6. Officer N. testified that, only after initiating his emergency equipment, he observed the Client’s vehicle touched the center lane and the edge lane two times. Tr. at 18:21.
7. Officer N. testified that the vehicle never left the lane of travel or went over the roadway line markings. Tr. at 19:3-4.
8. Officer N. testified that the vehicle driven by the Client did not affect any other vehicle and that no cars had to respond or get out of the way of the Client’s vehicle. Tr. at 18:11-14.
9. Officer N. did not issue the Client any traffic citations as a result of his observations. The only moving violation that was issued was for an alleged improper start from a parked position, Fla. Stat. §316.154 (2015).
MEMORANDUM OF LAW
A. Unlawful Stop
Officer N. with the Jacksonville Sheriff’s Office caused Officer H. with the Jacksonville Sheriff’s Office to issue only one citation, for violation of Fla. Stat. §316.154 (2015). That statue, in its entirety, provides as follows:
No person shall start a vehicle which is stopped, standing, or parked, unless and until such movement can be made with reasonable safety. A violation of this section is a noncriminal traffic infraction, punishable as a moving violation as provided in chapter 318.
The movement of the Client’s vehicle cannot justify a stop under this statute, for two reasons.
First, when Officer N. first observed the vehicle being allegedly driven by the Client, the vehicle was already in motion. Tr. at 13. Thus, the Client’s vehicle was not “stopped, standing, or parked,” as required by Fla. Stat. §316.154.
Second, the Client’s vehicle, at no point in time, endangered any other vehicles or property, as required by Fla. Stat. §316.154. The State is unable to establish that the Client committed a violation of this statute.
Thus, neither of the two key elements of the statute were violated by the Client, and thus the basis for the stop was unfounded, and without probable cause.

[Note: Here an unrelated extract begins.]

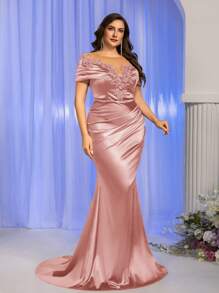 SHEIN Belle Dusty Pink,Spring,Elegant,Formal,Evening,Prom Plus Size Embroidered Lace Applique Sheer Long Sleeve Off Shoulder Stretch Satin Mermaid Maxi Dress - Dusty Pink - View 7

In Donaldson v. State, 803 So. 2d 856 (Fla. 4th DCA 2002), the Fourth Circuit Court of Appeal dealt with an almost identical driving pattern. In that case, the court held, that:
There was no evidence with respect to how Appellant started his vehicle. The officer did not see Appellant “start a vehicle which is stopped, standing, or parked.” § 316.154, Fla. Stat. (1999). There is no indication that squealing tires alone constitutes a traffic infraction. We are at a loss to understand how squealing tires without more constitutes a danger to public safety. Therefore, the officer did not have probable cause to believe that Appellant committed a traffic infraction, rendering a stop on that basis illegal.
In this case, it is clear that a stop based on Fla. Stat. §316.154 must fail, as not only did Officer N. fail to observe the Client “start a vehicle which is stopped, standing, or parked,” but Officer N. also failed to observe the Client’s vehicle drive in a manner which put the person or property of another in danger (in no small part due to the fact that the Client did not drive in that fashion).
Officer N. therefore mistakenly believed that the Client violated Fla. Stat. §316.154 (2015). However, in Hilton v. State, 961 So. 2d 285 (Fla. 2007), the Supreme Court of Florida clearly stated that “an officer’s mistake of law, as to what constitutes a traffic violation, no matter how reasonable, cannot provide objectively reasonable grounds for reasonable suspicion.” Id. at 294.
In this case, as Donaldson makes clear, no violation of Fla. Stat. §316.154 took place – and that was the only citation issued to the Client. Therefore, given the absence of probable cause that the Client violated any other traffic law, anything subsequent to Officer N.’s seizure of the Client is subject to suppression.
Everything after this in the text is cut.